Sementara itu, prof. Basuki, sang pembina BSMI mendekati seseorang yang rupanya adalah sopir truk . Warga asli Mesir itu, Syihabuddin namanya. Ngobrollah mereka dengan bahasa Arab. Rupanya Syihabuddin ini baru pertama kali juga mengantar barang ke Rafah. Namun demikian ia tampak kooperatif. Termasuk ketika prof Basuki meminta agar ia bersedia melaporkan perjalannya sampai ke Rafah, dan mengirimkan video saat berada di perbatasan Mesir – Gaza tersebut. Maka terjadilah tukar menukar nomor WA, dan tak lupa selembar 100an pound diselipkan ke tangannya. Biaya sosial memang acap kali diperlukan dalam situasi begini. Berita dari sopir memang perlu karena sebagai bahan laporan ke para donatur dermawan di Indonesia.
Kami tidak mengikuti proses pemuatan sampai selesai, karena bakda maghrib sudah ditunggu oleh wamenkes untuk beraudiensi di kantornya. Guruh mengacungkan jempolnya tatkala kami pamitan. Anak muda ini sangat energik. Pantas bos GDD sangat mempercayainya.
Perjuangan memang butuh kesabaran. Kesabaran akan sesuatu yang tidak bisa dipastikan sesuai jadwal. Ini perang, bung! Walaupun tepung gandum sudah termuat seluruhnya, tidak berarti truk bisa langsung berangkat. Harus menunggu belasan truk lainnya dengan macam-macam muatan sesuai pesanan dari lembaga donor. Sampai suatu hari kami mendapat kabar bahwa proses pemuatan seluruh truk sudah selesai dan siap berangkat, itu pun ternyata masih ditunda lagi dikarenakan ada truk yang menyusul mau ikutan konvoi bareng.
Alhasil, saat rombongan truk benar-benar berangkat tim kami sudah digantikan tim berikutnya. Tak urung rasa haru memuncak dan doa pun spontan terpanjat tatkala melihat iring-iringan berjalan perlahan diiringi lambaian tangan para pengantar. Betapa gagahnya truk dengan tulisan “Humanitarian Aid from Indonesia People for Palestinian People” melaju menuju Rafah. Di bawah tulisan itu berderet logo-logo lembaga yang ikut berpartisipasi dalam penggalangan dana. Kami sengaja member kesempatan untuk memasang logo, selain sebagai laporan juga sebagai penghormatan untuk para donatur.

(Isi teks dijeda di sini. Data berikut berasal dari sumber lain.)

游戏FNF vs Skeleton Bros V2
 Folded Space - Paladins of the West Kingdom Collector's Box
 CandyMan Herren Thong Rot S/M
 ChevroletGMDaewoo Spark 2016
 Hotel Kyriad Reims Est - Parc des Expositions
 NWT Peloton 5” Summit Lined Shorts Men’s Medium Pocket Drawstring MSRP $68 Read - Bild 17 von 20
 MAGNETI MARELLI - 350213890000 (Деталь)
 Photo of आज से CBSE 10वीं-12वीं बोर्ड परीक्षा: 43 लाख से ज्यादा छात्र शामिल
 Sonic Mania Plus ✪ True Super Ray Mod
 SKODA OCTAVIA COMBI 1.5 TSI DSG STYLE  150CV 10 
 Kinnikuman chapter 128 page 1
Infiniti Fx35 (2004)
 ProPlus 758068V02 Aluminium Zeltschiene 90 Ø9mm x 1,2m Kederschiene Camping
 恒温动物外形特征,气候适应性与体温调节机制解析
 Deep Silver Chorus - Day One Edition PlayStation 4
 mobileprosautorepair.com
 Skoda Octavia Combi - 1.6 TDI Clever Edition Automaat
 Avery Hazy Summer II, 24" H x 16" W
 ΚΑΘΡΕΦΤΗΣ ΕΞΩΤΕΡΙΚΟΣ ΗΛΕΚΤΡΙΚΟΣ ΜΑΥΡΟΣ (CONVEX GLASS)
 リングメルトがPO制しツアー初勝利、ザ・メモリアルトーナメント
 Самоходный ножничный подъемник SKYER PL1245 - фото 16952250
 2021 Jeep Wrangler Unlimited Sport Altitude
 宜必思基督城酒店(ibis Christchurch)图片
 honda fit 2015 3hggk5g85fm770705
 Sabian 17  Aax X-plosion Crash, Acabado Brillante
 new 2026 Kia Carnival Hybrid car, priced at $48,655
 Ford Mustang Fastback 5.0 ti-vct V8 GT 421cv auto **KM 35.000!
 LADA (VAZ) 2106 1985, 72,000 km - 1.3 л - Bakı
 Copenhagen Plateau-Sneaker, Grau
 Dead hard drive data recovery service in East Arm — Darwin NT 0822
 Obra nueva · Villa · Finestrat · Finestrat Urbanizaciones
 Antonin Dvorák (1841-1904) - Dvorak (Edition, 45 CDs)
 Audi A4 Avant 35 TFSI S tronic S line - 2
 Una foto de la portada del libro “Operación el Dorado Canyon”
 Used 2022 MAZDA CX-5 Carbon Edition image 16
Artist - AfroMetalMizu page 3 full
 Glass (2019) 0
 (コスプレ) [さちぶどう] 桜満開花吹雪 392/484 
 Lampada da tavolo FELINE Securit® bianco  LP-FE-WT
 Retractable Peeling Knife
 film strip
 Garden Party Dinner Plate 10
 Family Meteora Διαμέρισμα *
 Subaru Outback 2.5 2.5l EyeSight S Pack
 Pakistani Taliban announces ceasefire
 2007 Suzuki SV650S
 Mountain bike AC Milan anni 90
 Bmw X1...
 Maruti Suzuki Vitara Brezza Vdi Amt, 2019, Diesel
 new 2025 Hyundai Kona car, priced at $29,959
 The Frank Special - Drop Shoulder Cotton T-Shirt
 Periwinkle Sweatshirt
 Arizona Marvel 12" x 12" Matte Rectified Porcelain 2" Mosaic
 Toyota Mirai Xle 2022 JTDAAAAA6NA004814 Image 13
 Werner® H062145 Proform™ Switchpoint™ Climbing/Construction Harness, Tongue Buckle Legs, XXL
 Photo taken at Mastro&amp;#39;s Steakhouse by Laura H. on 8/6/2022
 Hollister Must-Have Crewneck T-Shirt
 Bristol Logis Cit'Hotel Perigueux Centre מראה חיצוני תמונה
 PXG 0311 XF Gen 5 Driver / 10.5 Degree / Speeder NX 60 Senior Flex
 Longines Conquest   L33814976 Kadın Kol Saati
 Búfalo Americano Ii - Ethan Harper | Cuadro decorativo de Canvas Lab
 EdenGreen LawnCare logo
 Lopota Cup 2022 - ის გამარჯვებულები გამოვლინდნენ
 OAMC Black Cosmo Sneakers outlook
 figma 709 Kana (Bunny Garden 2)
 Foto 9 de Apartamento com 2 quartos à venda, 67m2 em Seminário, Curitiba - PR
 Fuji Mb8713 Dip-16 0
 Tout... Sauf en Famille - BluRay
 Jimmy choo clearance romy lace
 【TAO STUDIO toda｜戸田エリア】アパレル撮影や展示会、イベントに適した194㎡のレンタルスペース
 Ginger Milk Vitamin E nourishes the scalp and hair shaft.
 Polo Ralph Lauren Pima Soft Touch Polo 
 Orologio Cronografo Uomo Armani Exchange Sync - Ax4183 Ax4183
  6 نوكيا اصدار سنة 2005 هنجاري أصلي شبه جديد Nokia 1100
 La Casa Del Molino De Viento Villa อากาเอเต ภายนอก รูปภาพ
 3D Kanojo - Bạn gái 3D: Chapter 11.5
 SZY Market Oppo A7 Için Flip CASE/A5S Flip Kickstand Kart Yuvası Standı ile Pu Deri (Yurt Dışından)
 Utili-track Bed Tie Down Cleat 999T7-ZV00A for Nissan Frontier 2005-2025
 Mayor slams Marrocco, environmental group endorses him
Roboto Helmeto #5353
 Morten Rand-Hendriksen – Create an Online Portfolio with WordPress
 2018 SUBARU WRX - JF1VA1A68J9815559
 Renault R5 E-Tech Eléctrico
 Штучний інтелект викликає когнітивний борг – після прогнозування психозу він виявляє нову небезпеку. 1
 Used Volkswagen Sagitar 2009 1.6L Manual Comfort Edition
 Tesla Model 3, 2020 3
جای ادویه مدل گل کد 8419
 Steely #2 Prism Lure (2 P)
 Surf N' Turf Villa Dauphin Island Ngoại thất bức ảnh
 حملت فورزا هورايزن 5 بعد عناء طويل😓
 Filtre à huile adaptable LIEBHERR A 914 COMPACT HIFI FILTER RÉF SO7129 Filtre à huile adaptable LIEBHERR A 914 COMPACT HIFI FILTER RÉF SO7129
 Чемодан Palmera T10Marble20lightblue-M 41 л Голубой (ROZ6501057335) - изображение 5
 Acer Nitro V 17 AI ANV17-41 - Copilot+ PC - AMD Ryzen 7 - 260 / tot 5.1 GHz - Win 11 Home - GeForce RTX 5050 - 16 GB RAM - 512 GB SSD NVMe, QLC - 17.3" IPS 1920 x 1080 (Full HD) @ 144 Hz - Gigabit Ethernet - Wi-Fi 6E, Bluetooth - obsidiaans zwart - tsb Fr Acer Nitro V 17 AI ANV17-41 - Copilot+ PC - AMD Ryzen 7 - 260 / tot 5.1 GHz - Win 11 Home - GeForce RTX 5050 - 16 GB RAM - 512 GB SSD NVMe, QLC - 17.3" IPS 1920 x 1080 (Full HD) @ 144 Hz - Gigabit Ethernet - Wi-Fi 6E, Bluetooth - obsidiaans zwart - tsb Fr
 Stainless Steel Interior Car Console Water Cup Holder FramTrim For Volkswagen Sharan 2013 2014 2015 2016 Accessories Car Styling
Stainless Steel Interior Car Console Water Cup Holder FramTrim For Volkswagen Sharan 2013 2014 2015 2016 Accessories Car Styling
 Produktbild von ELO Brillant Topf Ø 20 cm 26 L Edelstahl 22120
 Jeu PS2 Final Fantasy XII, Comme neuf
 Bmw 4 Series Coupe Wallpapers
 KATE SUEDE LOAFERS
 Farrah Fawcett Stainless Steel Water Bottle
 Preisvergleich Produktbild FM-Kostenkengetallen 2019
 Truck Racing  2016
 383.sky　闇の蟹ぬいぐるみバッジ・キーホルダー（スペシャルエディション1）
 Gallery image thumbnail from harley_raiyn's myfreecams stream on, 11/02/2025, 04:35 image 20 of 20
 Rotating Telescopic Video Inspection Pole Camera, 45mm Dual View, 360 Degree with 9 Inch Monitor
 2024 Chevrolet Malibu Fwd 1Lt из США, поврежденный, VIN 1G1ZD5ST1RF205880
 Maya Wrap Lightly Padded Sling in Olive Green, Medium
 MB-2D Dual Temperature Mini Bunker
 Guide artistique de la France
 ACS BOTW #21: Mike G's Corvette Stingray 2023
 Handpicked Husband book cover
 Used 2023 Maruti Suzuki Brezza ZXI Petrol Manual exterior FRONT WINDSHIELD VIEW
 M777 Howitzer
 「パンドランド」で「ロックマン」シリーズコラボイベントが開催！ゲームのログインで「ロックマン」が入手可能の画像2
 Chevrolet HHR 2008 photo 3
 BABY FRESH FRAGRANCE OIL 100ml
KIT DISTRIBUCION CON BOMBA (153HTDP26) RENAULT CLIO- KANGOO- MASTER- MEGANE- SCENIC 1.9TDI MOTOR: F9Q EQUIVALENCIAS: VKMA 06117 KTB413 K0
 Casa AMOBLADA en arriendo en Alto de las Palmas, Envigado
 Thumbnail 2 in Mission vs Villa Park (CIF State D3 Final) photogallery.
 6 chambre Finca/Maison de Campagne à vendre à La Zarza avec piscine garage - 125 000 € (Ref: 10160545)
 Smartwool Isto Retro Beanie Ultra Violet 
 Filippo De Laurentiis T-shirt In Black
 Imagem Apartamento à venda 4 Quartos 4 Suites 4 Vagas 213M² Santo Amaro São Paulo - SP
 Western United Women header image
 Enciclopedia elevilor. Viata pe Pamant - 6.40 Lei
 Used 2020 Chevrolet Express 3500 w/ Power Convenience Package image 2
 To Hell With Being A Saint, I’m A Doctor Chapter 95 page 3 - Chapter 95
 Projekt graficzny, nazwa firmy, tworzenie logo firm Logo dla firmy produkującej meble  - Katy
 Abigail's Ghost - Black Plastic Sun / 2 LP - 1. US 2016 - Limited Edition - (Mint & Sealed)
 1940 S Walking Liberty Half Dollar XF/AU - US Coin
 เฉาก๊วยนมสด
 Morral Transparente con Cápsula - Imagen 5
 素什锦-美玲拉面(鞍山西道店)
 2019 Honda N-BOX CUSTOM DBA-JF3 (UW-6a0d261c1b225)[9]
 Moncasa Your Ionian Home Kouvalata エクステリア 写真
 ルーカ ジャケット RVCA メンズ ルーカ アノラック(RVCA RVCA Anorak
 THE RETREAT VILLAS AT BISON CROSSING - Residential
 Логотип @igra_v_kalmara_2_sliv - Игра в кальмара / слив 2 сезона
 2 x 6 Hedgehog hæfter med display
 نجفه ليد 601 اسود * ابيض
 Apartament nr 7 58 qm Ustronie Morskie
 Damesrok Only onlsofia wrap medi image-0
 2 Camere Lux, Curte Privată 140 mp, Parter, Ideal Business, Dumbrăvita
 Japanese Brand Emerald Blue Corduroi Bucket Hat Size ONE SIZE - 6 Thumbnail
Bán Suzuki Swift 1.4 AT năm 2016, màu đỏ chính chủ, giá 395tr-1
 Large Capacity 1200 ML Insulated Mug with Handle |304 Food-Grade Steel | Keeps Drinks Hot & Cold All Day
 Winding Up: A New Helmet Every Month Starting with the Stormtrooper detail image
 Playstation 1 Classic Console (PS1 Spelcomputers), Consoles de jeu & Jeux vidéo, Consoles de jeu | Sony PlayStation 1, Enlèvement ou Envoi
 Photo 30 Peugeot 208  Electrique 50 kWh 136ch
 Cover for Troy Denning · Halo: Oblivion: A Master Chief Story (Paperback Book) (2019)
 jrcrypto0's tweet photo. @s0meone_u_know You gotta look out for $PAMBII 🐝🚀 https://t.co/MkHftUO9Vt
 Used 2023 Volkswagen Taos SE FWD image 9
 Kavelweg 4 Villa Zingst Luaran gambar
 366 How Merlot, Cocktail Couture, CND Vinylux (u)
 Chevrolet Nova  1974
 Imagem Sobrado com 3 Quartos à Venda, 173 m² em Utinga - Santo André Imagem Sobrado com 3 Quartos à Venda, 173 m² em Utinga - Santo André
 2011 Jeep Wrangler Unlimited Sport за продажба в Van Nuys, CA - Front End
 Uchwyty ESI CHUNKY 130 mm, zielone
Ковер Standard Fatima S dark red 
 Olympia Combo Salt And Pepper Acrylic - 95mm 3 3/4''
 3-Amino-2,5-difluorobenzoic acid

Masa-masa selanjutnya adalah menunggu kabar dari Syihabuddin si sopir truk. Ibarat melepas anak panah, tangan kita sudah tak kuasa mengendalikan perjalanan. Kepada Allah Sang Maha Pengatur kami bertawakkal. Kami berpatokan ke perhitungan bahwa perjalanan dari Ismailiyah ke Rafah yang berjarak 400 kilometer itu akan ditempuh dalam waktu 7-10 hari. Kok lama sekali? Ya memang. Waktu tempuh yang seharusnya hanya 6-8 jam itu memanjang dikarenakan banyaknya check point yang harus dilalui. Maka tatkala ada kabar bahwa truk sudah sampai di Rafah Mesir setelah 4 hari perjalanan betapa bersyukurnya hati ini. Kabar tersebut disertai dengan foto yang agak kabur dan video penuh getaran menggambarkan suasana perbatasan. Tampak banyak truk dan kendaraan lain serta orang lalu lalang. Tiga hari sesudahnya, masuk kabar bahwa tepung sudah berada di Rafah Gaza. Namun tak seperti biasanya, rombongan masuk dari pintu Karim Abu Salim. Pintu ini terletak di sebelah timur Rafah, atau sisi tenggara dari jalur Gaza. Pintu ini berbatasan dengan wilayah Palestina yang diduduki Israel. Apa pun, syukur kami berlipat-lipat karena tak lama kemudian tersiar kabar bahwa pemukim illegal datang ke wilayah Karim Abu Salim tersebut untuk menghalangi masuknya bantuan bagi warga Gaza.
Beberapa waktu kemudian, barulah dokumentasi dikirimkan oleh pihak GDD. sejumlah foto dan video itu menunjukkan suasana pembagian tepung kepada warga yang tinggal di tenda-tenda kamp pengungsian Rafah. Sekarung tepung untuk setiap tenda. Menurut perhitungan salah seorang kenalan di Gaza, jumlah tersebut diperkirakan bisa mencukupi kebutuhan 1 keluarga selama 2 bulan. Semoga demikian. Walau pun tampak kecil namun tetap saja kami berdoa tepung tersebut dapat menguatkan fisik para pengungsi. Aamiin. [nin]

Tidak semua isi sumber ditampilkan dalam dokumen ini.